Das war ein Paukenschlag, mit dem niemand gerechnet hat. Die Richter kassierten das Verbot des Kitesurfens im Wattenmeer.
Zwei Kitesurfer hatten gegen das Verbot geklagt und bekommen nun in der letzten Instanz Recht. Der 4. Senat des Niedersächsischen Oberverwaltungsgerichts hat mit Beschluss vom 11. Dezember 2020 der Klage stattgegeben und antragsgemäß festgestellt, dass die Kläger auch ohne vorherige Befreiung von den Verboten des Niedersächsischen Gesetzes über den Nationalpark „Niedersächsisches Wattenmeer“ (NWattNPG) im Küstengewässer des Nationalparks kitesurfen dürfen (Az.: 4 LC 291/17).
Bislang wurde das Kitesurfen in der Ruhe- und Zwischenzone des Nationalparks „Niedersächsisches Wattenmeer“ von der Nationalparkverwaltung nur in eigens ausgewiesenen Kitesurfzonen und nur in bestimmten Zeitfenstern für zulässig gehalten.
Die Nationalparkverwaltung ging bislang davon aus, dass das Kitesurfen der Vorschrift des § 6 Abs. 2 Nr. 5 NWattNPG unterliegt, die es u.a. verbietet, Drachen, auch vom Fahrzeug aus, in der Ruhezone des Nationalparks „Niedersächsisches Wattenmeer“ fliegen zu lassen.
Die Kläger, die das Kitesurfen im Nationalpark „Niedersächsisches Wattenmeer“ in den Kitesurfzonen hobbymäßig betreiben, wollten dies nicht hinnehmen und auch außerhalb der Kitesurfzonen ganzjährig ihrem Hobby im Küstengewässer des Nationalparks nachgehen.
In erster Instanz hatte eine entsprechende Klage vor dem Verwaltungsgericht Oldenburg (Az.: 5 A 726/15) keinen Erfolg.
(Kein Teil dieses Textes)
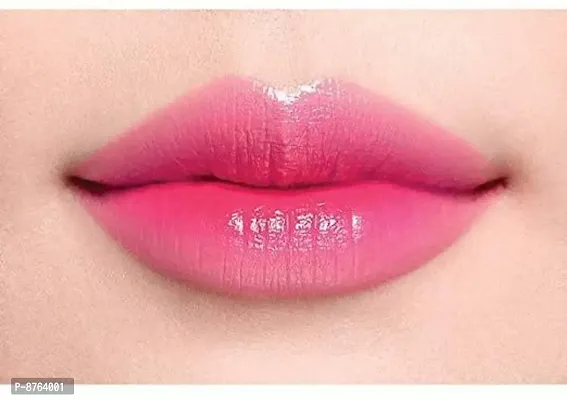 Gel Lipstick Makeup Lipstick Temperature Color Changing Lips-thumb4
Das Verwaltungsgericht ging davon aus, dass das Befahren von Bundeswasserstraßen wie dem Küstengewässer im Nationalpark „Niedersächsisches Wattenmeer“ zwar nur bundesgesetzlich eingeschränkt werden dürfe.
Die landesgesetzliche Vorschrift des § 6 Abs. 2 Nr. 5 NWattNPG stelle jedoch keine Befahrensregelung, sondern ein naturschutzrechtliches Verbot dar, das das Kitesurfen nur reflexartig erfasse, weil es sich nur gegen das mit dem Kitesurfen verbundene Drachenfliegenlassen richte.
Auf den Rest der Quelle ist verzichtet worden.